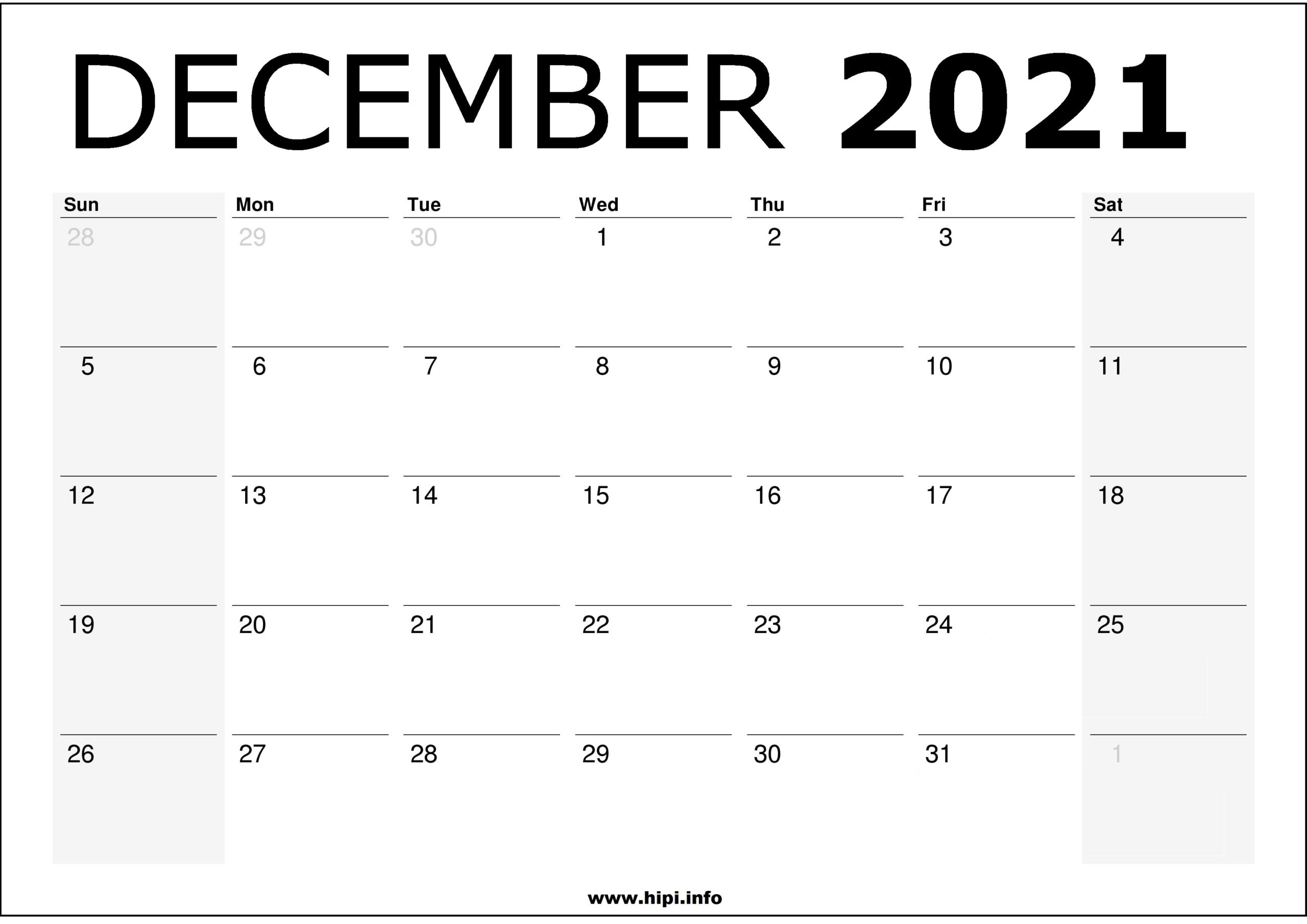 December 2021 Calendar Printable - Monthly Calendar Free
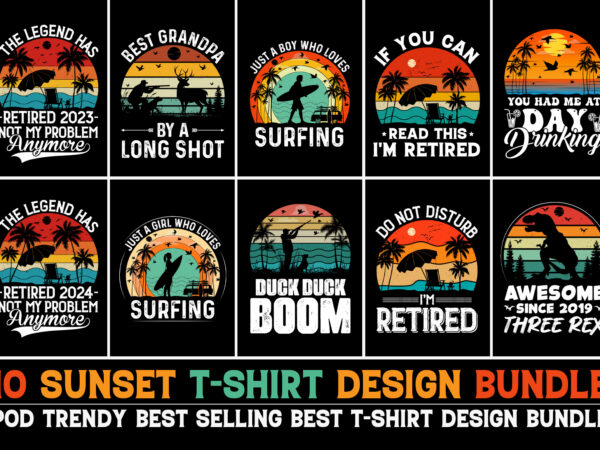 Retro vintage sunset t-shirt design bundle Retro vintage sunset t-shirt design bundle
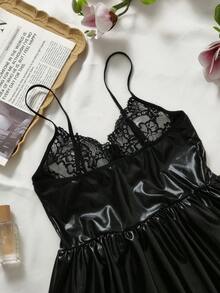 فستان زلة نسائي مثير من القطعتين من الشريط والقطع والظهر المكشوف قطعة واحدة - الأسود - مشاهدة 7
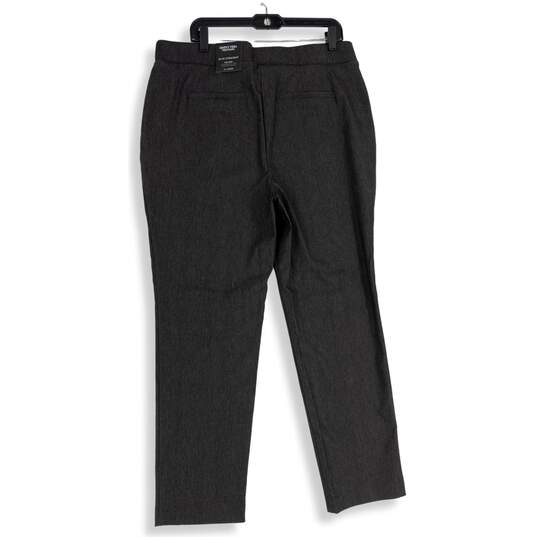 NWT Vera Wang Simply Vera Womens Black Twill Straight Leg Ankle Pants Size XL image number 2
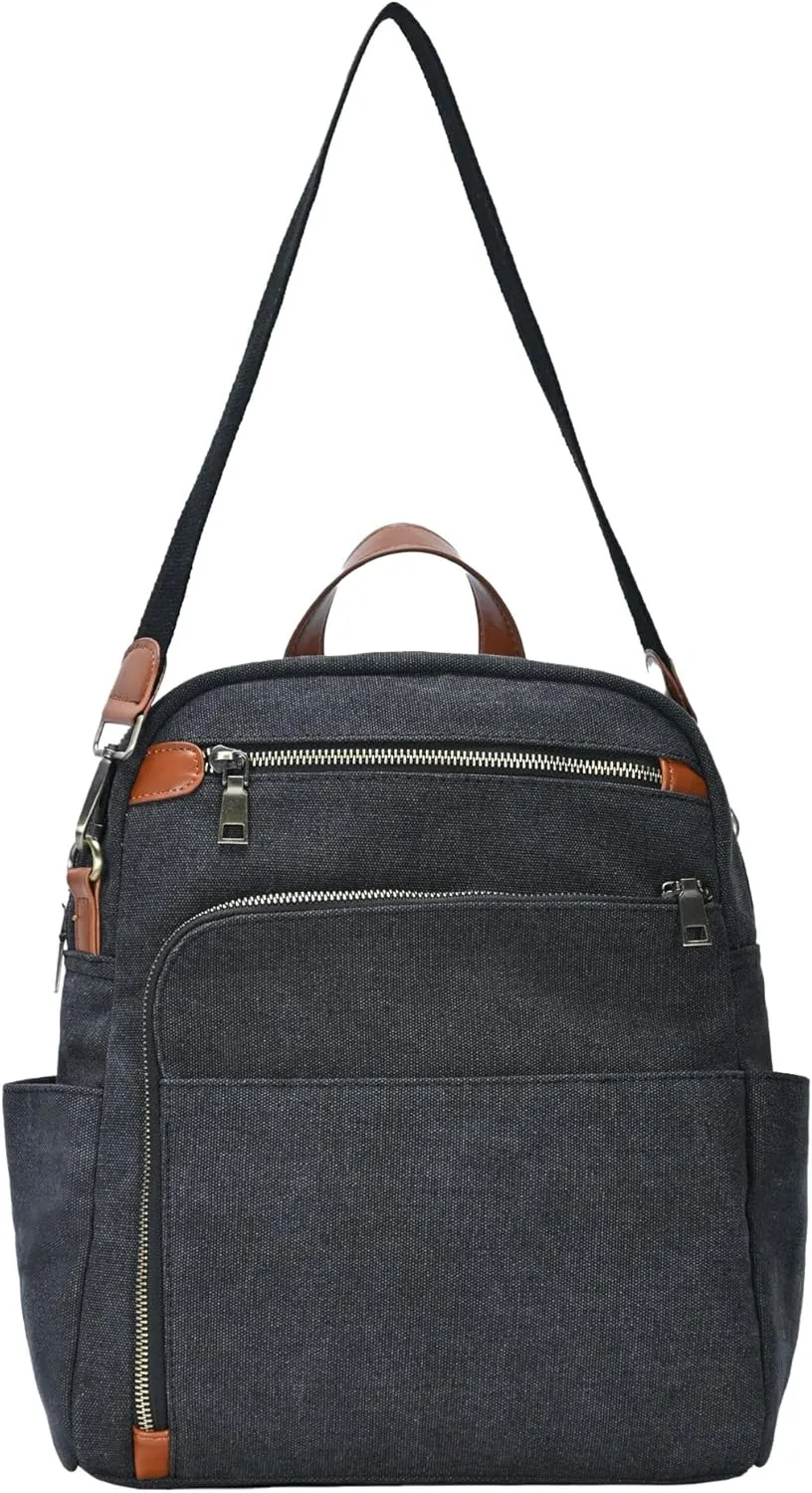 Antik Kraft Willa Canvas Backpack (Black) | Convertible Backpack Purse for Women | Heavy Duty Canvas Shoulder Bag | 13" L x 4" W x 14" H
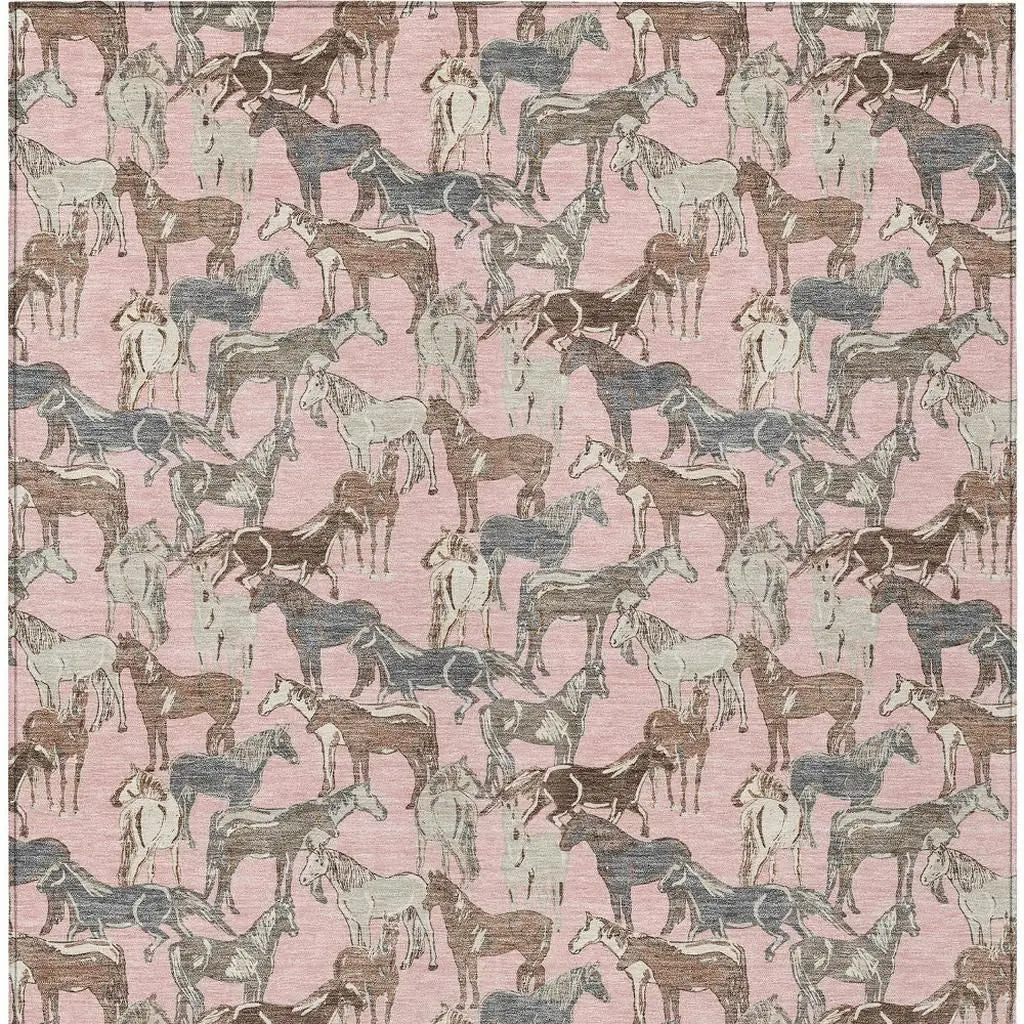 5' X 8' Pink And Gray Horse Washable Indoor Outdoor Area Rug Homeroots Outdoor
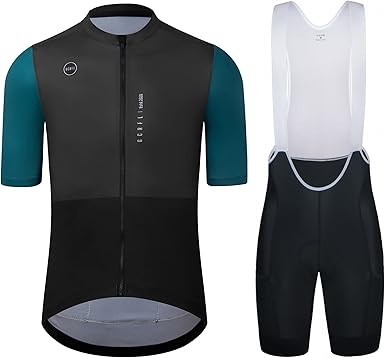 Photo 1 of **MISSING SHIRT** Men's Cycling Jersey Set Cycling Kit Bicycle Jersey Rear Zipper Pocket Bike Bib Shorts with Pockets Race Fit High Density Pad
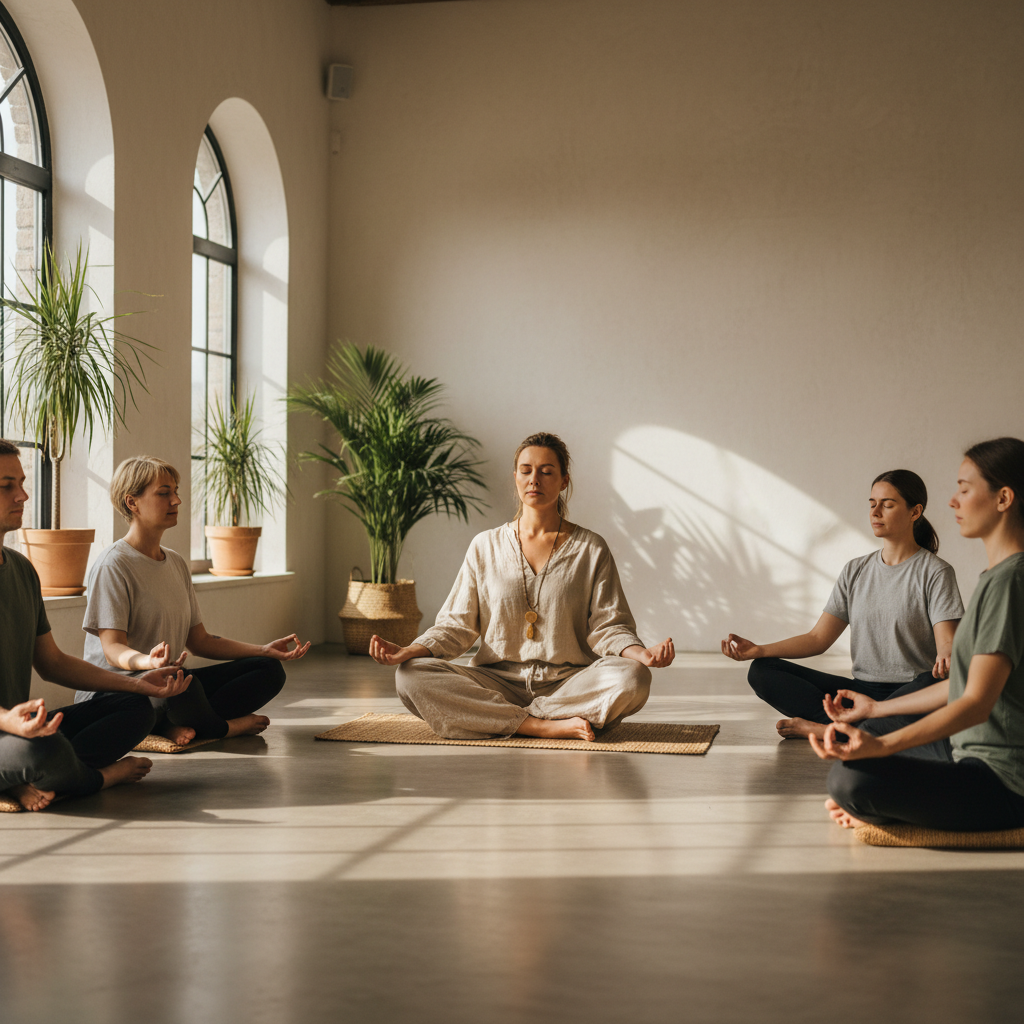 Group of people meditating together in peaceful meditation center with natural lighting and serene atmosphere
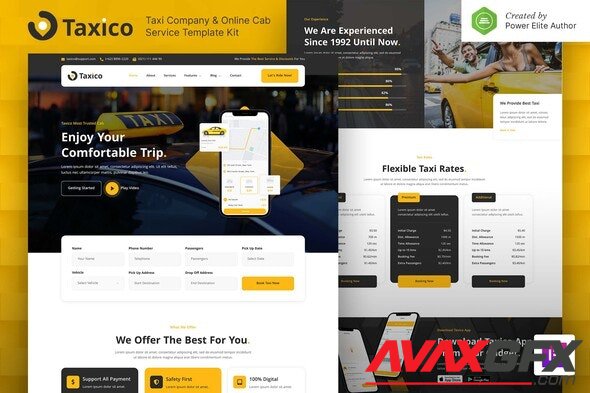 ThemeForest - Taxico v1.0.0 - Taxi Company & Online Cab Service Elementor Template Kit - 34438955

» **Task details**: Output, exactly and without pictures, the span of lines that starts at the line containing "5' X 8' Pink" and ends at the last line above.

» **Exercise output**:
 5' X 8' Pink And Gray Horse Washable Indoor Outdoor Area Rug Homeroots Outdoor
 Photo 1 of **MISSING SHIRT** Men's Cycling Jersey Set Cycling Kit Bicycle Jersey Rear Zipper Pocket Bike Bib Shorts with Pockets Race Fit High Density Pad
 Group of people meditating together in peaceful meditation center with natural lighting and serene atmosphere
 ThemeForest - Taxico v1.0.0 - Taxi Company & Online Cab Service Elementor Template Kit - 34438955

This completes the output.